Director Jonathan Glazer is one of the true visionaries to have emerged in cinema since 2000. After all, his ultra-stylized 2000 gangster film “Sexy Beast” turned heads for its visual palette and a now-legendary Ben Kingsley performance which could only be described as "savage." However, since then, Glazer has only given us two more films, the highly underrated “Birth,” starring Nicole Kidman, which has aged like fine wine over time, and his masterpiece: “Under the Skin,” starring Scarlett Johansson as a roaming alien sent to London to feed off of innocent and pathetic male pedestrians. That film is one of the great achievements of this last decade, even being named just this year in our critics poll as the 12th best movie of the last 10 years.
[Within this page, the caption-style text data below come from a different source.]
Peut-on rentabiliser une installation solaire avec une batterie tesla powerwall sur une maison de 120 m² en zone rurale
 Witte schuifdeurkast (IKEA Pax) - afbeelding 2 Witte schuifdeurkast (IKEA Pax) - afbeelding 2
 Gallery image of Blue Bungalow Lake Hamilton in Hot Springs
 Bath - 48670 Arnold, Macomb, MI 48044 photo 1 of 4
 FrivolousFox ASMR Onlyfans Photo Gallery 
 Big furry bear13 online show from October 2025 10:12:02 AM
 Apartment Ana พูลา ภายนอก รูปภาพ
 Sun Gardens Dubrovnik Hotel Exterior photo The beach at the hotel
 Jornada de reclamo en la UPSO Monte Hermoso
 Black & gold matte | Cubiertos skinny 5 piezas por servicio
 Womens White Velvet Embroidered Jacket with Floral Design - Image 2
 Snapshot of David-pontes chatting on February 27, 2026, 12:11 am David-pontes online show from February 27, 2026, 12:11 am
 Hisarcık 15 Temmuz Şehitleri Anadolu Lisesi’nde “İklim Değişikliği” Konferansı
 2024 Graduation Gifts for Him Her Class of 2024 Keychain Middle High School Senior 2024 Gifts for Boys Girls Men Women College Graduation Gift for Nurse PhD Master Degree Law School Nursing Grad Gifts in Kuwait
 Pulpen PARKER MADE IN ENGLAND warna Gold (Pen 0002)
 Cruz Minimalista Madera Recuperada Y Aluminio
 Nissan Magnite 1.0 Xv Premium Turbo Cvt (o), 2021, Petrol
Needless to say, its been 5 years since "Under the Skin," and Glazer seems to be taking all the time in the world to make his next film. Which is why today's news that he is working on a new project for A24 is cause for celebration. According to Deadline, Glazer has agreed to write and direct an untitled World War II film that will use the Holocaust setting to tell its story. The film is based on author Martin Amis’ novel “The Zone Of Interest.”
The Playlist has this synopsis:
“The book tells the story of a Nazi officer that finds himself falling for the wife of the camp’s commandant. The story follows their torrid, secretive love affair, while the spurned husband begins to suspect his wife.”
Speaking a few months ago on the A Dash of Drash podcast, Glazer confirmed the project was a Holocaust film set in Auschwitz. The director mentioned being horrified by pictures of the Holocaust as a child. “I remember being very taken by the faces of the bystanders, the onlookers, the complicit, you know? Ordinary Germans,” he said.
“I started wondering how it would be possible to stand by and watch that. Some of the faces actually enjoy it. The spectacle of it. The kinda circus of it,” he continued.
“A lot of the stories I’ve seen, I do sometimes think they could be set anywhere actually,” Glazer says. “As soon as you define a plot, you’re sort of somehow relegating Auschwitz as a place and it becomes a context. For me, I don’t want to do that. I just felt that was wrong.”
“Now, I’ve spent four or five years working entirely on this project.”
Glazer is Jewish and attended a Jewish school, but he wouldn't just be focusing on the concentration camps it seems. No, it looks like he would be tackling the outside zones, the citizens that knew what was going on, but let it slide.
Filming on the as-of-now untitled film should happen next summer and the film could be released in 2020.